Start of Information
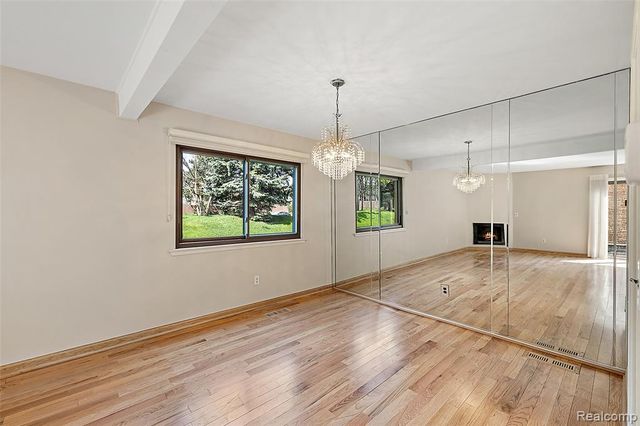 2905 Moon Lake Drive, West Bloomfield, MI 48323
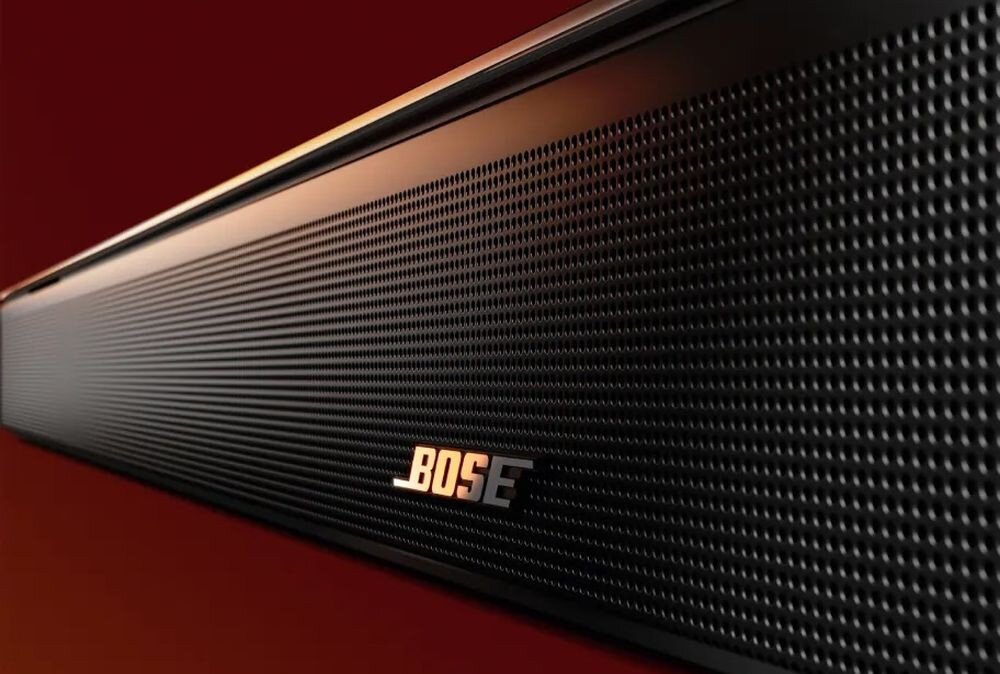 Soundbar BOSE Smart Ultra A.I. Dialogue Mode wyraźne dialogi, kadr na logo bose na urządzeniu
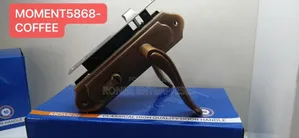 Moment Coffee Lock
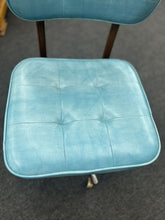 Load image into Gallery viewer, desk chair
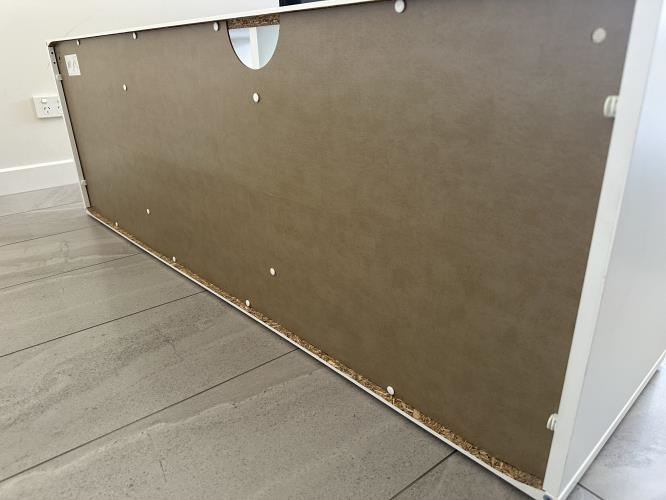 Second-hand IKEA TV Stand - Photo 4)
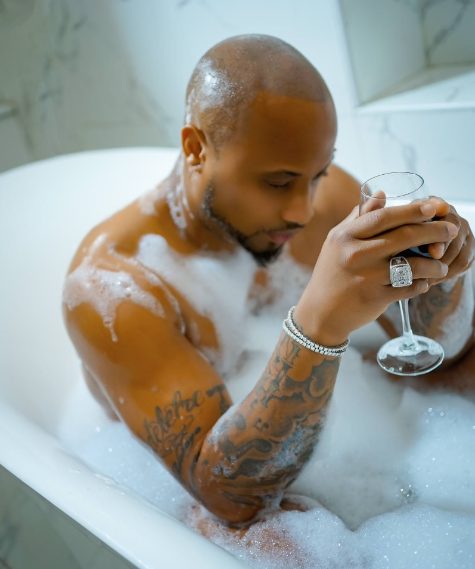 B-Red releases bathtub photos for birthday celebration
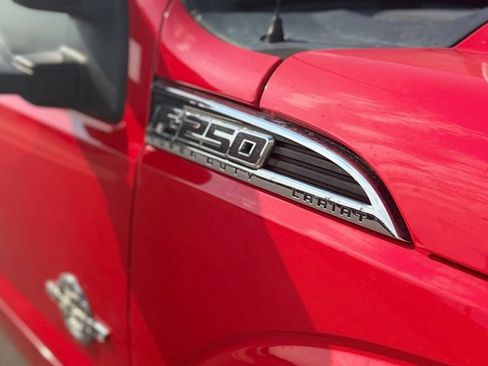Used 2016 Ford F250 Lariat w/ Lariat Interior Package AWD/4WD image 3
End of Information
**Problem description**
Please retype the records above exactly, leaving every image out.

**Solved exercise**
 2905 Moon Lake Drive, West Bloomfield, MI 48323
 Soundbar BOSE Smart Ultra A.I. Dialogue Mode wyraźne dialogi, kadr na logo bose na urządzeniu
 Moment Coffee Lock
 Load image into Gallery viewer, desk chair
 Second-hand IKEA TV Stand - Photo 4)
 B-Red releases bathtub photos for birthday celebration
Used 2016 Ford F250 Lariat w/ Lariat Interior Package AWD/4WD image 3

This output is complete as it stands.